Tuesday, October 7, 2014

9 and 1



One of the defining moments of my life occurred on a football field.

 In 1965 Alexander City, Alabama had two school systems, separate but unequal. There was a high school, junior high school, and elementary school for the white kids. There was one school for the Black kids. The Black school was for grades 1 thru 12. The city decided to integrate the high school in 1967 using a system they called “freedom of choice”. For various reasons, few of the Black students ventured across town to the white high school. As for me, although I was only 14 years old, I was well aware of what was happening in the civil rights movement. I read the Birmingham News every day, and watched the national news every night. I could not understand how so many people could be protesting, marching, and dying for civil rights and integration, and when the time came to integrate, nobody integrated! It did not take very long for me to decide to go. My parents did not have any influence on my decision. In fact, they would have talked me out of it if they could have, but I was determined to go.

To tell the truth, there was another reason I wanted to go to the big high school across town. Benjamin Russell High School had a big time sports program. The football team was the heartbeat of the city. Every game was broadcast on the city’s only radio station, and featured each week in the city’s weekly newspaper. The really big games were often reported in the Birmingham News. Their home games were played to full houses in the stadium downtown. I wanted to be a part of that. I wanted to play football, and basketball, and be on the radio and in the newspaper. So, my two best friends and I integrated the high school.

All freshmen played on the school’s junior varsity, and all three of us became starters on what would be the first undefeated freshman team the school had ever had. Our integrated team was a hot topic of conversation on both sides of town, and for the first time, black people and white people were attending the same social event, (that’s what a football game in Alabama is) sitting side by side with a common cause.

Integration in our city was never contentious, controversial, or violent. I think that our freshman football team had a lot to do with bringing both sides of our city together and convincing everyone that maybe we could be one city.

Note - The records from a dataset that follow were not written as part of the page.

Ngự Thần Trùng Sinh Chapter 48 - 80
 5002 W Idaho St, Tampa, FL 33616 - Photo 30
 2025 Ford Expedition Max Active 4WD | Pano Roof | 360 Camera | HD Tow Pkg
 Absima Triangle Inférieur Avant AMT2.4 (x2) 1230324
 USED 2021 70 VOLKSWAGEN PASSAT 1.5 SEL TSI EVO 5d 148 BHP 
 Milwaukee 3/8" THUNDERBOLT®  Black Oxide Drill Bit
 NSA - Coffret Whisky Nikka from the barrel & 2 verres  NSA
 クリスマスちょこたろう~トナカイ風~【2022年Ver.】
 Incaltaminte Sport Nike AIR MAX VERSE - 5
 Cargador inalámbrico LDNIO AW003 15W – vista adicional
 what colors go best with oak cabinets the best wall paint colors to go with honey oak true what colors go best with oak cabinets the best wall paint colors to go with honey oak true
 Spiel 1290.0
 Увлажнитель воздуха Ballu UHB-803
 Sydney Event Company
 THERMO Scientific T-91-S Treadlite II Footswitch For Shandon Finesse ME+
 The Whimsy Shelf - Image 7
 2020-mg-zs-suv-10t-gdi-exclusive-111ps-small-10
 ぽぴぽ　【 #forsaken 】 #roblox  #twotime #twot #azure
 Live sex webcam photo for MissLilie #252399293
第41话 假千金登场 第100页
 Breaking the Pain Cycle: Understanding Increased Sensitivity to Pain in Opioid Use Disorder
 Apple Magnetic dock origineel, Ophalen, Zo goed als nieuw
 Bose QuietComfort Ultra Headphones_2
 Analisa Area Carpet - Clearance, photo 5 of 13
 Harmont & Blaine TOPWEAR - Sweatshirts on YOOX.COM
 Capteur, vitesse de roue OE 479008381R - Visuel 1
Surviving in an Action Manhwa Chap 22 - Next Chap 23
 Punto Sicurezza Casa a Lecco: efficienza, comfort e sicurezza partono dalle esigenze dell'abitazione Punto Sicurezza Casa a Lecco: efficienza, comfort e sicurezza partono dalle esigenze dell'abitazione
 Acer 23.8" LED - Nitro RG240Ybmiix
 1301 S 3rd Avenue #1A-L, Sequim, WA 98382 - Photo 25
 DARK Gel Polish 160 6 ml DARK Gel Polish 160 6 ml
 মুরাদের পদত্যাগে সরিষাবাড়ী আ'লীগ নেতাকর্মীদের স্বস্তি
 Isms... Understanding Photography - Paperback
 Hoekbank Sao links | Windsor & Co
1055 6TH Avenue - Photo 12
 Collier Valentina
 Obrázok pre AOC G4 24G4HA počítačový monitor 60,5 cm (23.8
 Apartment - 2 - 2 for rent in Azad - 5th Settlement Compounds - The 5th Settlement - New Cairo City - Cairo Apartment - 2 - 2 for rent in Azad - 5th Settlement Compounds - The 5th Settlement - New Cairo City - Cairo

During my junior year in high school the city announced that full integration would take place the following year. The Black high school would be converted to an elementary school. All high school students would attend Benjamin Russell High. This would take place in the aftermath of 1968, one of the most traumatic years in the history of our country. Martin Luther King had been killed. Robert Kennedy had been killed. The inner cities had exploded with riots in the aftermath of Dr. King’s death, The Democratic convention in Chicago tore the city apart. John Carlos and Tommie Smith had galvanized the Black community with black gloved salutes on the Olympic medal stand in Mexico City, and the war in Viet Nam suddenly went sideways with the Tet Offensive, forcing LBJ to decline to run again for the Presidency.

No one knew what would happen when our schools were totally integrated in the aftermath of all of this domestic turmoil. I did know that many of the Black students that were coming to the school that I had attended for three years feared the unknown. I knew that most of them were not academically prepared for what would be expected of them. I knew that many of them would fail.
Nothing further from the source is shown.